Why Jupiter's Legacy Was Cancelled on Netflix Despite Season 1 Success

Less than a month after the series premiered, Netflix revealed that it was scrapping plans for a [...]

Less than a month after the series premiered, Netflix revealed that it was scrapping plans for a second season of Jupiter's Legacy and were abandoning the Mark Millar based project for a different plan. Rather than continue the story that ended on a cliffhanger, Netflix will take another Millar creation, Supercrooks, and turn it into the second season, effectively making Jupiter's Legacy an anthology show based on various Millar-themed properties. After this sudden change/cancellation was announced many assumed that the series was cancelled because of viewership, but it's apparently a much bigger deal than that.

In a big exposé about the show's conclusion, The Hollywood Reporter went in depth on the behind-the-scenes problems that plagued the series. As previously reported, the show went through a major change as original showrunner Steven DeKnight was replaced by executive producer Sang Kyu Kim. According to the outlet, DeKnight and Netflix clashed on the budget for the show, with the former advocating for $12 million per episode and the streamer settling on $9 million per episode. These costs only ballooned however with a source claiming that in the end Netflix was spending $15 million per episode.

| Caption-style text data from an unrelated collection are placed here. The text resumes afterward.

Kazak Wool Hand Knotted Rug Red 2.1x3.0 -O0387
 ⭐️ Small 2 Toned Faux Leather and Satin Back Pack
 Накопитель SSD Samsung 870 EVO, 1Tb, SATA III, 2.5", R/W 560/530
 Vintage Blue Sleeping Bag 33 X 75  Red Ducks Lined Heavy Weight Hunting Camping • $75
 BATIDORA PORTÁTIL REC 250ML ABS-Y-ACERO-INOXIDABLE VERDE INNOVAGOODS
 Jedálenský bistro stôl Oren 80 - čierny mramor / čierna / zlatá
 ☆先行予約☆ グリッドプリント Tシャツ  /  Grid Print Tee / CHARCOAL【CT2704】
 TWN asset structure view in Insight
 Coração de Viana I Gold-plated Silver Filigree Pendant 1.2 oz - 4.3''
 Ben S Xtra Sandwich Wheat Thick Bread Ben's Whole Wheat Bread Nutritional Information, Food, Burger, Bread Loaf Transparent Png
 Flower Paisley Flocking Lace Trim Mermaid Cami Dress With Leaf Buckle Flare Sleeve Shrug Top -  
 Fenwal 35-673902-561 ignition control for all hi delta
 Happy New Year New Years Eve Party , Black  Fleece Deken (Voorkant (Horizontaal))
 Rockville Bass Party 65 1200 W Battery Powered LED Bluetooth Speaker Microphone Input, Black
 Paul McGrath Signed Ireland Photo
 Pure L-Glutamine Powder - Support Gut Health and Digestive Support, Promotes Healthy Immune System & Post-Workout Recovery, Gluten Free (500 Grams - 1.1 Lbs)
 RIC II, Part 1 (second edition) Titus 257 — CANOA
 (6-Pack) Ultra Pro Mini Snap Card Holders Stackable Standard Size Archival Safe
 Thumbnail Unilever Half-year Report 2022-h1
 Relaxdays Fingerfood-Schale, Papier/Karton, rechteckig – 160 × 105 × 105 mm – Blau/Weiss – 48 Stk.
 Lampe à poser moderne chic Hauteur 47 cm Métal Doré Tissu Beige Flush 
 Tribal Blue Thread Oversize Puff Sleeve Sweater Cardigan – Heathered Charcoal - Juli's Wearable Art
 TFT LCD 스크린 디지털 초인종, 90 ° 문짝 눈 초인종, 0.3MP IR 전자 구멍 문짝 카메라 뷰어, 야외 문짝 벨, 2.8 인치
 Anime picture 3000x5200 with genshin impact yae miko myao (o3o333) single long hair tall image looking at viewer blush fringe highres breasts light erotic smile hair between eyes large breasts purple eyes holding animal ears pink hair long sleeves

After the change in regime, both on Jupiter's Legacy and at Netflix itself, the series found itself in an extensive post-production timeline with Dark Crystal and Lupin director Louis Leterrier brought in as a consultant; however, "it was seen as too late to save the troubled show," says THR. Ahead of its pause in production and the long post-production the series reportedly had a $130 million budget which ballooned to $200 million in the end.

The changing of the guard at Netflix apparently played a major part in the series' end, in addition to the tremendous cost, with new "head of global TV" Bela Bajaria reportedly putting it under the microscope (and eager to put their own stamp on the show).

To make it all even more interesting, Jupiter's Legacy reportedly had major viewership in its first two weeks according to Nielsen's streaming rankings. The tracker reported that some "696 million minutes of view time" were used on the series in its first week, rising to 1.02 billion minutes of viewing time from May 10 to 16.

"Given where we're going next, we've made the tough call of letting our incredible cast out of their show commitment as we continue to thoughtfully develop all realms of the Jupiter's Legacy saga," Millar said in a statement posted to Twitter. "We're confident we'll return to it later and just want to say thanks to you guys for your continued support and to the cast and crew who made this look so great."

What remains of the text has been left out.